I’ve always enjoyed finding new ways to make chicken more interesting. As much as I love a simple grilled chicken breast, sometimes you want something that feels a bit more special – without spending hours in the kitchen. That’s exactly why this stuffed chicken breast recipe has become one of my go-to dinner options.
What I really like about this recipe is how the sundried tomatoes add a nice Mediterranean touch to an otherwise basic chicken dish. It’s the kind of meal that looks like you put in way more effort than you actually did. I often prep these ahead of time when I’m making lunch, then pop them in the oven when I’m ready for dinner. No fuss, no stress.
If you’re tired of the same old chicken recipes, this one’s for you. The combination of chicken and sundried tomatoes is pretty foolproof, and once you get the hang of stuffing the chicken breasts, you’ll want to try all sorts of different fillings.

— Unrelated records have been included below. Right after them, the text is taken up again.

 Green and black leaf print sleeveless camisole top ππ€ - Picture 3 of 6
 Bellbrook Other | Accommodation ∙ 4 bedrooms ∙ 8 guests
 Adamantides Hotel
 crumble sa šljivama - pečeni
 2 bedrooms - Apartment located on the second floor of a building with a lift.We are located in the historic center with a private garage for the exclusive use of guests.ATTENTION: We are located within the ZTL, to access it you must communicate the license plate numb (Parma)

Why You’ll Love This Stuffed Chicken Breast
- Quick preparation – Ready in just 40 minutes, this chicken dish fits perfectly into your busy weeknight schedule while still feeling special.
- Low-carb friendly – With no breadcrumbs or heavy carbs, this recipe is perfect for anyone following a low-carb or keto diet while still being incredibly satisfying.
- Restaurant-quality results – The combination of melty cheese, sundried tomatoes, and spinach creates a dish that looks and tastes like something from your favorite Italian restaurant.
- Meal prep friendly – You can prepare these chicken breasts ahead of time and keep them ready to cook in the refrigerator for up to 24 hours.
- Customizable filling – While this recipe uses mozzarella, sundried tomatoes, and spinach, you can swap in your favorite cheese and vegetables to make it your own.
What Kind of Sun-Dried Tomatoes Should I Use?
For this stuffed chicken recipe, you’ll want to use sun-dried tomatoes that come packed in oil rather than the dry packaged variety. The oil-packed ones are already tender and have more flavor, plus you can use some of that tasty infused oil for cooking the chicken. While you can find them either julienned (cut into strips) or whole, the julienned ones will save you some prep time. If you’re watching your sodium intake, look for versions with “no added salt” on the label – you can always adjust the seasoning yourself later. Just remember to drain off some of the excess oil before stuffing the chicken, but don’t pat them completely dry since that oil helps keep everything moist and flavorful.

Options for Substitutions
This stuffed chicken recipe is pretty flexible and you can switch things up based on what you have in your kitchen:
- Sun-dried tomatoes: If you don’t have sun-dried tomatoes, you can use roasted red peppers from a jar, or even fresh tomatoes that you’ve slowly roasted in the oven at 250°F for about 2 hours with a little olive oil and salt.
- Mozzarella cheese: Any good melting cheese works here – try provolone, fontina, or even Swiss cheese. Just keep in mind that stronger-flavored cheeses will change the overall taste of the dish.
- Spinach: You can swap spinach with other leafy greens like arugula, Swiss chard, or kale (just remove the stems). If using tougher greens, give them a quick sauté first.
- White wine vinegar: Lemon juice works perfectly here (as mentioned in the recipe), but you could also use apple cider vinegar or regular white vinegar – just use a bit less as they’re stronger.
- Italian seasoning: No Italian seasoning? Mix together equal parts dried basil, oregano, and thyme. Or use just one of these herbs if that’s all you have.
- Dijon mustard: Regular yellow mustard or whole grain mustard can work too, though Dijon gives the best flavor. In a pinch, a bit of mustard powder mixed with water will do.
Watch Out for These Mistakes While Cooking
The biggest challenge when making stuffed chicken breast is cutting the pocket too shallow or too deep – aim for a 3/4 depth cut along the thickest part of the breast, which creates enough space for filling while keeping everything secure. A common error is overcrowding the chicken with filling ingredients, which can lead to them spilling out during cooking and prevent the chicken from cooking evenly – stick to about 2-3 tablespoons of filling per breast for the best results. Temperature control is crucial here – cooking the chicken at too high heat will burn the outside while leaving the center raw, so maintain a medium heat and use a meat thermometer to ensure the internal temperature reaches 165°F. For extra protection against filling leakage, secure the opening with toothpicks and let the cooked chicken rest for 5 minutes before slicing, which helps keep all those tasty ingredients where they belong.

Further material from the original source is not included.